For some fantastic really old newsboy photos, search shorpy.com.
February 7th, 2011 at 11:28 am
I had an afternoon Cleveland Press route (no Sundays) for 4 years in the early ’70s, one of two routes kept in the family for a dozen years between me and my two older brothers (my folks must have felt that it was inappropriate work for girls at the time, because none of my four sisters ever had a route).
“Collecting” was definitely the hard part of the job, sometimes having to go back two or three times to a single house (usually the same ones week after week). I used a Raleigh 26″ single speed, usually with two canvas bags, one over each shoulder, through snow and rain and sleet, up hill both ways! And yes, I attribute my long-standing commitment to transportation cycling to my early years delivering papers.
When I return to visit my parents, I’m always tempted to start reciting names and paper locations: McNeelys, front door; Suschecks, side door; Hansons, front door mail slot, etc…My route ended with one house on the main street, a block from Dairy Queen, where way too much of the profits were traded for milk shakes.
I had the financial misfortune of delivering papers during the period when the weekly cost went up from $0.60 to $0.75 to $0.90, with an inversely proportional decrease in “keep the change” tips. Perhaps that was the beginning of the demise of local newspapers (the Cleveland Press has been long out of business).
I wonder if anyone has ever tried to quantify the environmental costs of the demise of paper boys. There’s the obvious increase in VMT (pollution, GHGs, oil consumption, etc.) with all those adults driving around in slow circles in the middle of the night. And then there are the millions of rubber bands and plastic bags that get used every day to protect the papers so they can be tossed randomly onto driveways, lawns and into bushes instead of being carefully placed in screen doors, paper boxes and mail slots.
February 7th, 2011 at 6:25 pm
It is funny because my father, my brothers and I all had paper routes. I couldn’t deliver on bicycle because the route had hills I could not ride up on my bicycle, especially with papers on it.
Rick
February 8th, 2011 at 2:10 am
FWIW, paper deliveries by bike are still going strong in the Netherlands. Indeed, my daughters have both done this, and one still does.
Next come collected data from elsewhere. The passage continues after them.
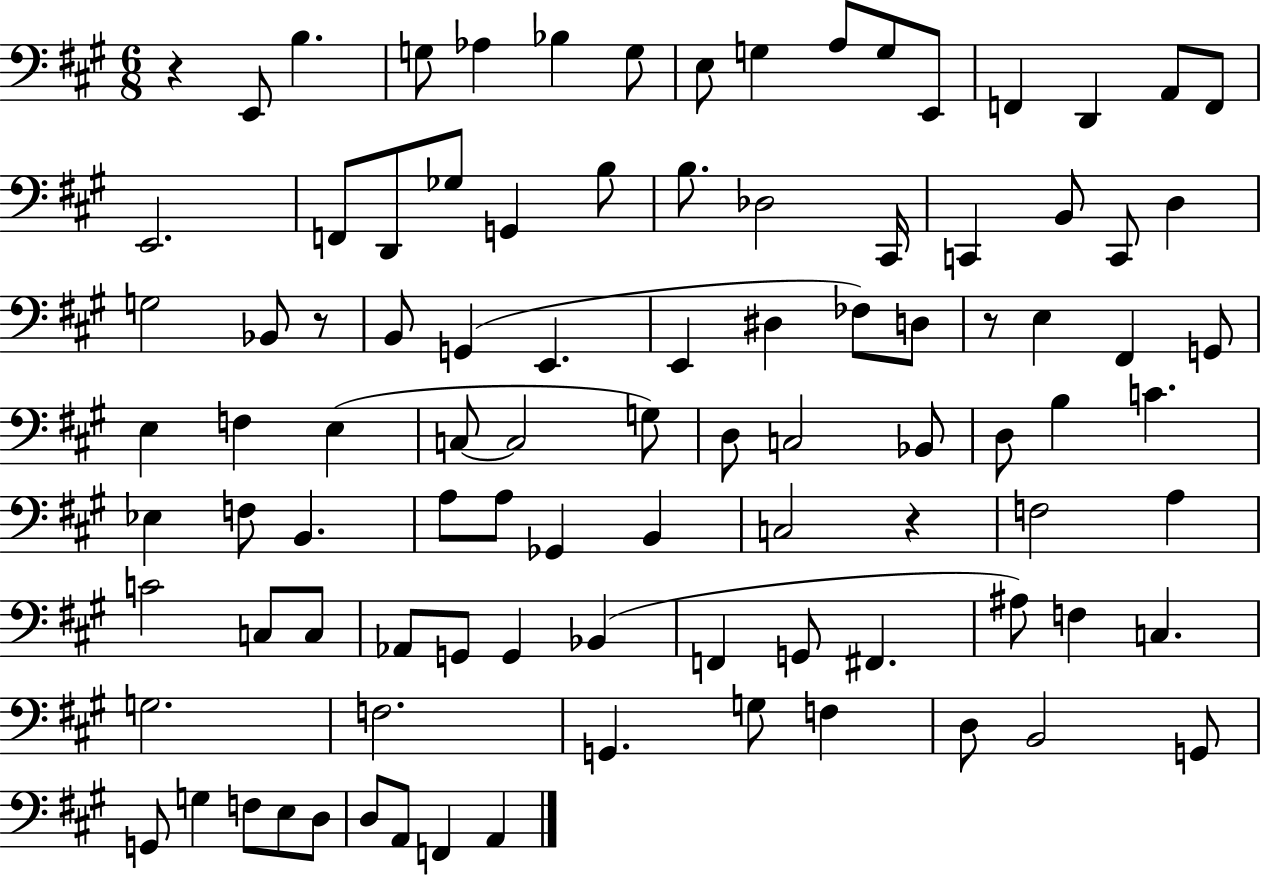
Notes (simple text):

R/q E2/e B3/q. G3/e Ab3/q Bb3/q G3/e E3/e G3/q A3/e G3/e E2/e F2/q D2/q A2/e F2/e E2/h. F2/e D2/e Gb3/e G2/q B3/e B3/e. Db3/h C#2/s C2/q B2/e C2/e D3/q G3/h Bb2/e R/e B2/e G2/q E2/q. E2/q D#3/q FES3/e D3/e R/e E3/q F#2/q G2/e E3/q F3/q E3/q C3/e C3/h G3/e D3/e C3/h Bb2/e D3/e B3/q C4/q. Eb3/q F3/e B2/q. A3/e A3/e Gb2/q B2/q C3/h R/q F3/h A3/q C4/h C3/e C3/e Ab2/e G2/e G2/q Bb2/q F2/q G2/e F#2/q. A#3/e F3/q C3/q. G3/h. F3/h. G2/q. G3/e F3/q D3/e B2/h G2/e G2/e G3/q F3/e E3/e D3/e D3/e A2/e F2/q A2/q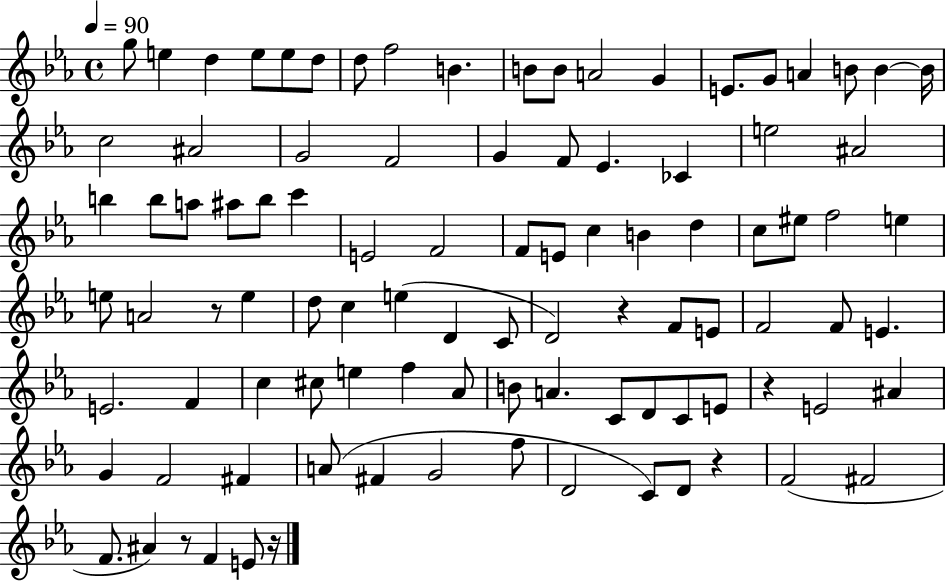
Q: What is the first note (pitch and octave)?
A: G5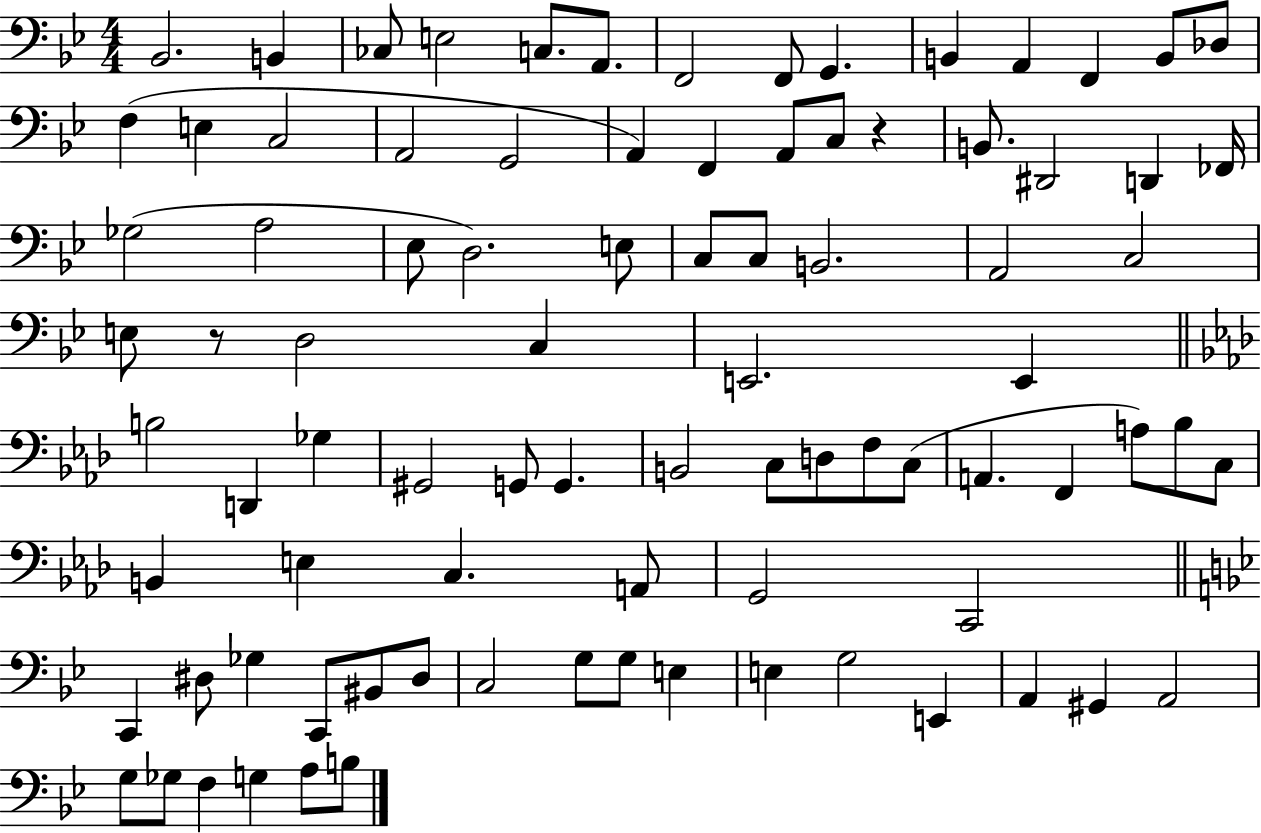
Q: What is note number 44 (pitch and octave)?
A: D2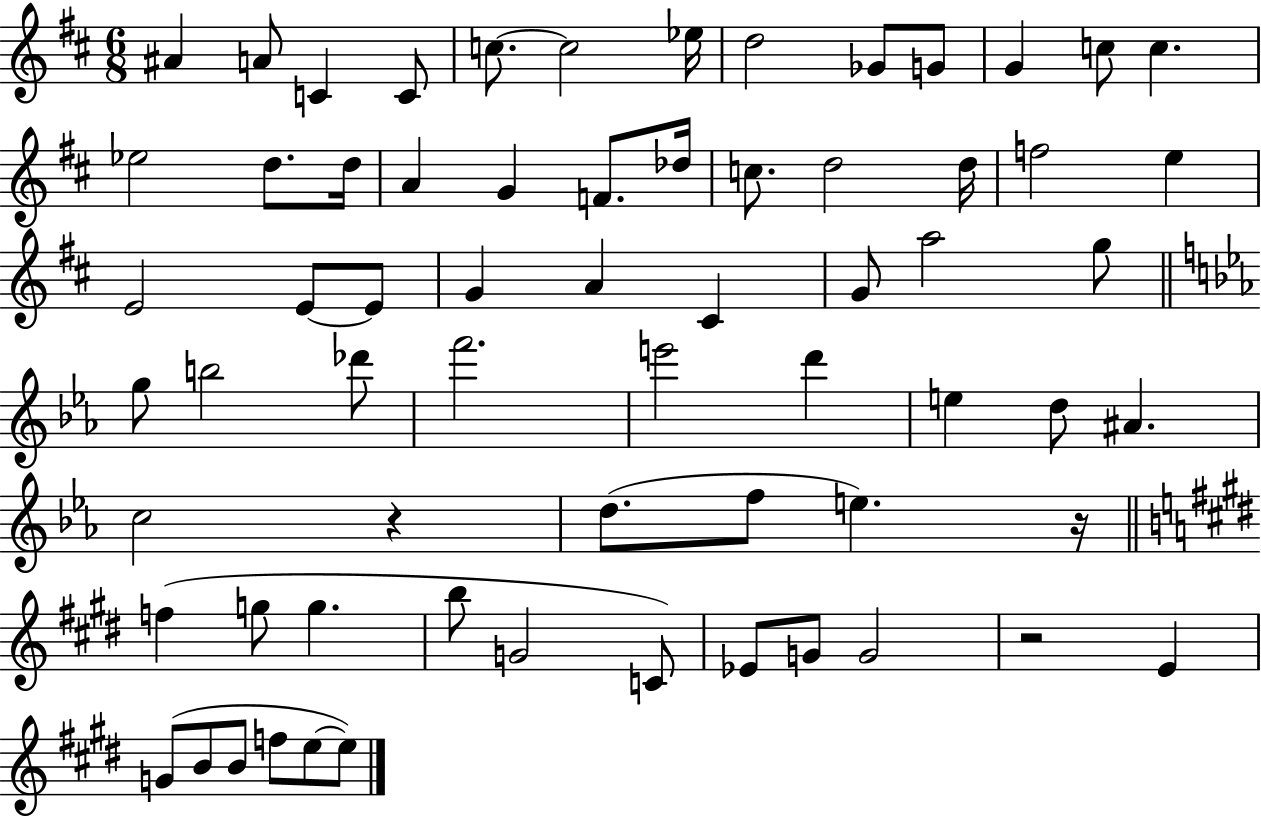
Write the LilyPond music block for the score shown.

{
  \clef treble
  \numericTimeSignature
  \time 6/8
  \key d \major
  ais'4 a'8 c'4 c'8 | c''8.~~ c''2 ees''16 | d''2 ges'8 g'8 | g'4 c''8 c''4. | \break ees''2 d''8. d''16 | a'4 g'4 f'8. des''16 | c''8. d''2 d''16 | f''2 e''4 | \break e'2 e'8~~ e'8 | g'4 a'4 cis'4 | g'8 a''2 g''8 | \bar "||" \break \key c \minor g''8 b''2 des'''8 | f'''2. | e'''2 d'''4 | e''4 d''8 ais'4. | \break c''2 r4 | d''8.( f''8 e''4.) r16 | \bar "||" \break \key e \major f''4( g''8 g''4. | b''8 g'2 c'8) | ees'8 g'8 g'2 | r2 e'4 | \break g'8( b'8 b'8 f''8 e''8~~ e''8) | \bar "|."
}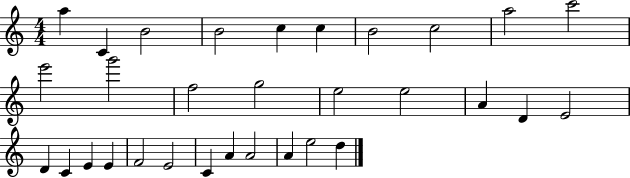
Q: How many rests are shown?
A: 0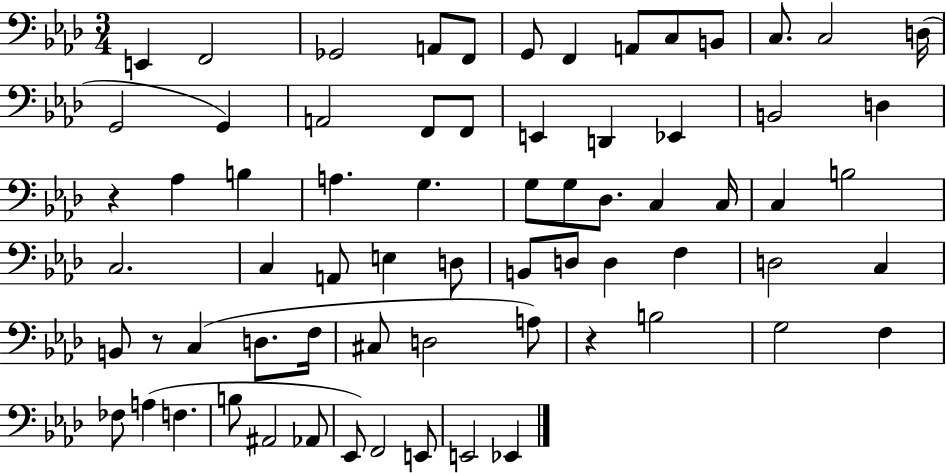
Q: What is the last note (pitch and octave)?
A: Eb2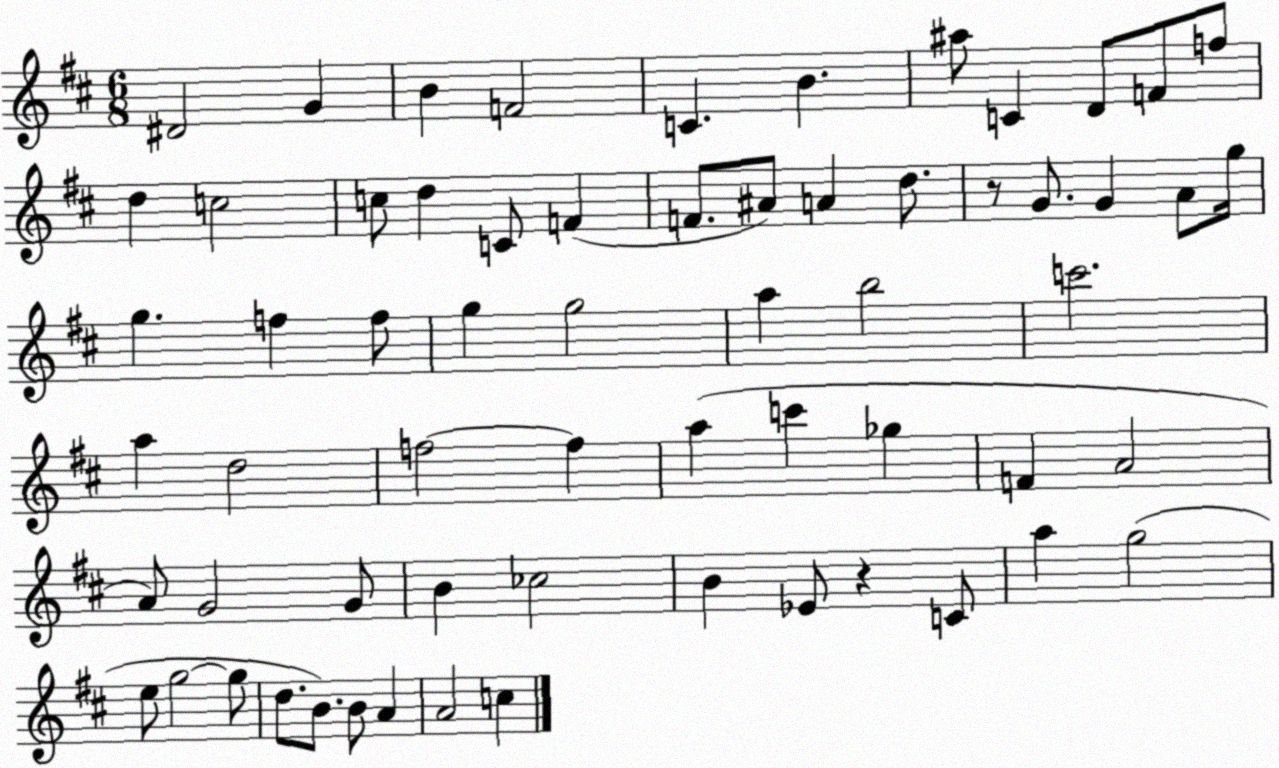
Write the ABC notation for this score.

X:1
T:Untitled
M:6/8
L:1/4
K:D
^D2 G B F2 C B ^a/2 C D/2 F/2 f/2 d c2 c/2 d C/2 F F/2 ^A/2 A d/2 z/2 G/2 G A/2 g/4 g f f/2 g g2 a b2 c'2 a d2 f2 f a c' _g F A2 A/2 G2 G/2 B _c2 B _E/2 z C/2 a g2 e/2 g2 g/2 d/2 B/2 B/2 A A2 c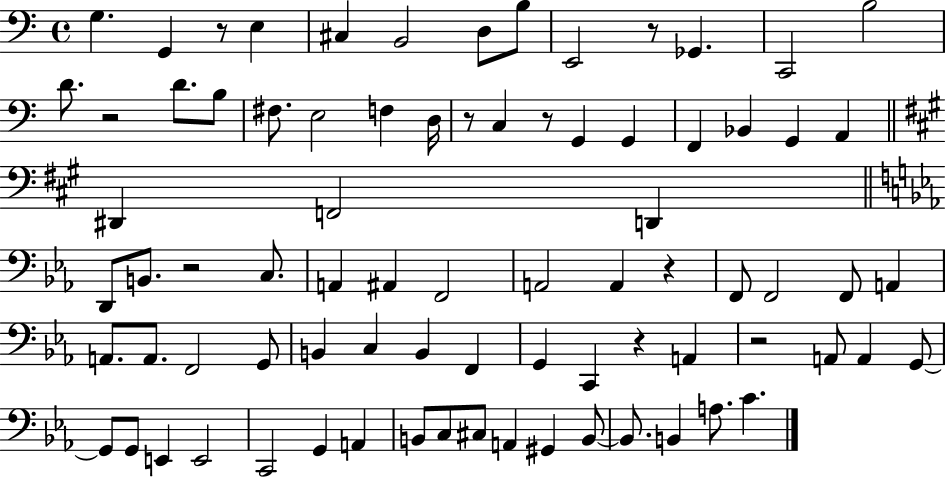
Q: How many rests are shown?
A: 9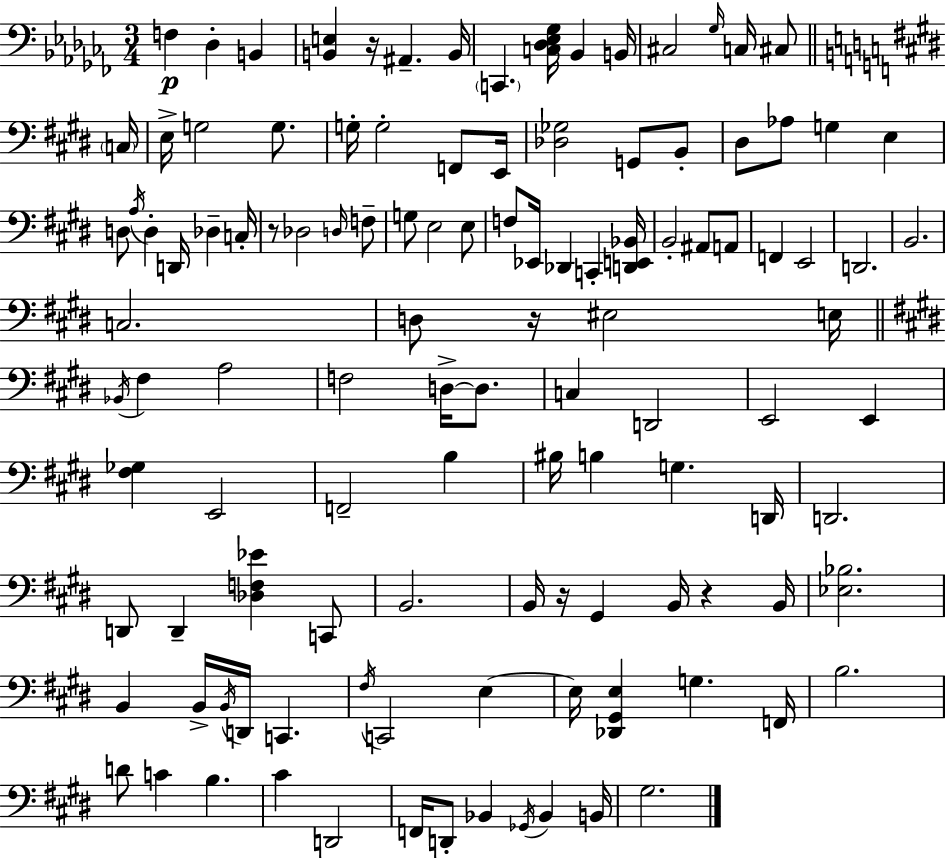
{
  \clef bass
  \numericTimeSignature
  \time 3/4
  \key aes \minor
  f4\p des4-. b,4 | <b, e>4 r16 ais,4.-- b,16 | \parenthesize c,4. <c des ees ges>16 bes,4 b,16 | cis2 \grace { ges16 } c16 cis8 | \break \bar "||" \break \key e \major \parenthesize c16 e16-> g2 g8. | g16-. g2-. f,8 | e,16 <des ges>2 g,8 b,8-. | dis8 aes8 g4 e4 | \break d8 \acciaccatura { a16 } d4-. d,16 des4-- | c16-. r8 des2 | \grace { d16 } f8-- g8 e2 | e8 f8 ees,16 des,4 c,4-. | \break <d, e, bes,>16 b,2-. ais,8 | a,8 f,4 e,2 | d,2. | b,2. | \break c2. | d8 r16 eis2 | e16 \bar "||" \break \key e \major \acciaccatura { bes,16 } fis4 a2 | f2 d16->~~ d8. | c4 d,2 | e,2 e,4 | \break <fis ges>4 e,2 | f,2-- b4 | bis16 b4 g4. | d,16 d,2. | \break d,8 d,4-- <des f ees'>4 c,8 | b,2. | b,16 r16 gis,4 b,16 r4 | b,16 <ees bes>2. | \break b,4 b,16-> \acciaccatura { b,16 } d,16 c,4. | \acciaccatura { fis16 } c,2 e4~~ | e16 <des, gis, e>4 g4. | f,16 b2. | \break d'8 c'4 b4. | cis'4 d,2 | f,16 d,8-. bes,4 \acciaccatura { ges,16 } bes,4 | b,16 gis2. | \break \bar "|."
}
They load the kids up here. No-one could carry the weight over their shoulder so instead enormous especially made panniers are used, which can hold a lot of papers.
February 9th, 2011 at 1:45 pm
My four brothers and I (the only sister) had between us 3 paper routes for two companies over 12 years. I started subbing for my oldest siblings when I was 6 years old so that they could go to boy scout camp for the weekend.
What an experience, what a responsibility to not only distribute a product, collect money and pay bills, but to learn customer service, timeliness, handle disgruntled customers (it happens occasionally) and to find “subs” and train them when you are on vacation – and the planning – to make sure your bill is still on time and all the money is collected – not to mention having to warn the late payers, or actually drop a bad customer.
I agree that this “first job” is formative and nostalgic. Were there times I hated it? Sure! But how many 12 year olds can buy their own pianos and pay for lessons.
It’s a great piece of culture that is slowly fading.
@ tony – did they have the double bag that you stuck your head and neck through? I remember delivering 5-10 papers, turning the bag, deliver 5-10 papers, repeat until the last one is delivered!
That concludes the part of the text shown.